Auch im Übrigen ist eine Zulassung der Revision in diesem Punkt zur Sicherung einer einheitlichen Rechtsprechung nicht erforderlich. Dass die Versorgungsbezüge nicht als Bestandteil der Lohnkosten gewertet werden können, die in Art. 2 Abs. 2 der Ratsentscheidung 88/408/EWG und der Bekanntmachung der Protokollerklärung des Agrarrates und der Kommission der Europäischen Gemeinschaften vom 24. Januar 1989 sowie in Art. 1 Abs. 2 der Richtlinie 85/73/EWG in der Fassung der Richtlinie 93/118/EG als Parameter für kostendeckende Gebühren aufgeführt sind, bedarf keiner Klarstellung durch ein Revisionsurteil des Senats. Es kommt hinzu, dass es nach dem in Bezug genommenen Urteil des Verwaltungsgerichts zwischen der Beklagten und der Fleischerinnung als Betreiber des Schlachthofs vertragliche Vereinbarungen gegeben hat, die diese Versorgungsbezüge zum Gegenstand hatten. Diese atypische Situation für einen einzelnen, nicht mehr bestehenden Schlachthof erfordert keine Leitentscheidung des Senats.

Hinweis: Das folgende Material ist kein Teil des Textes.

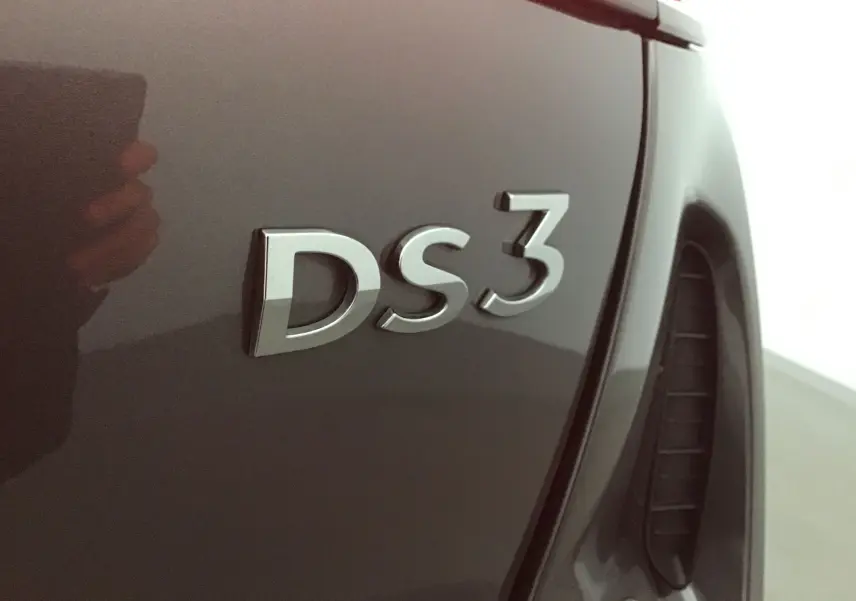 Gros plan sur l’inscription DS3 en relief sur la carrosserie gris platinium du DS3 Crossback 2024 côté arrière droit.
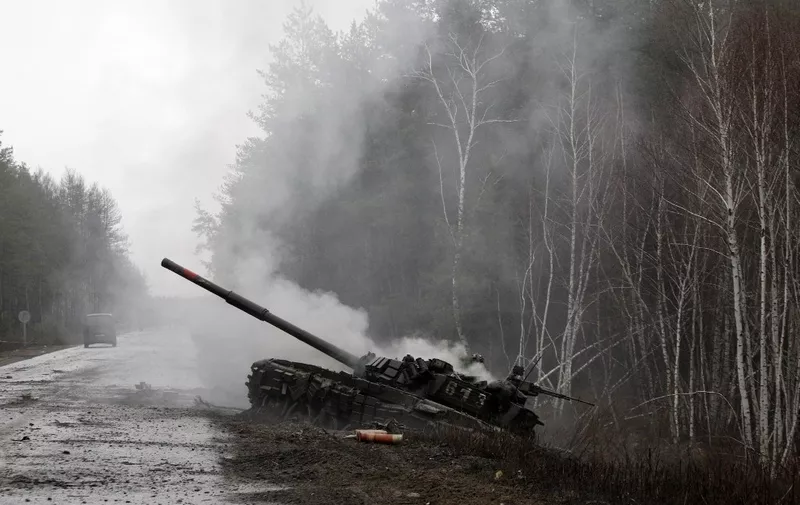 Smoke rises from a Russian tank destroyed by the Ukrainian forces on the side of a road in Lugansk region on February 26, 2022. - Russia on February 26 ordered its troops to advance in Ukraine "from all directions" as the Ukrainian capital Kyiv imposed a blanket curfew and officials reported 198 civilian deaths. (Photo by Anatolii Stepanov / AFP)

3. Eine Zulassung der Revision ist auch nicht veranlasst, soweit das Berufungsgericht Amtshaftungsansprüche wegen fehlenden Verschuldens der Bediensteten der Beklagten verneint hat. Insoweit wird von einer näheren Begründung abgesehen (§ 544 Abs. 4 Satz 2 ZPO).
4. Danach kommt es nicht auf die Frage an, ob sich aus der Richtlinie 93/118/EG ein Recht des Gebührenschuldners ergibt, das Grundlage für einen unionsrechtlichen Staatshaftungsanspruch sein kann.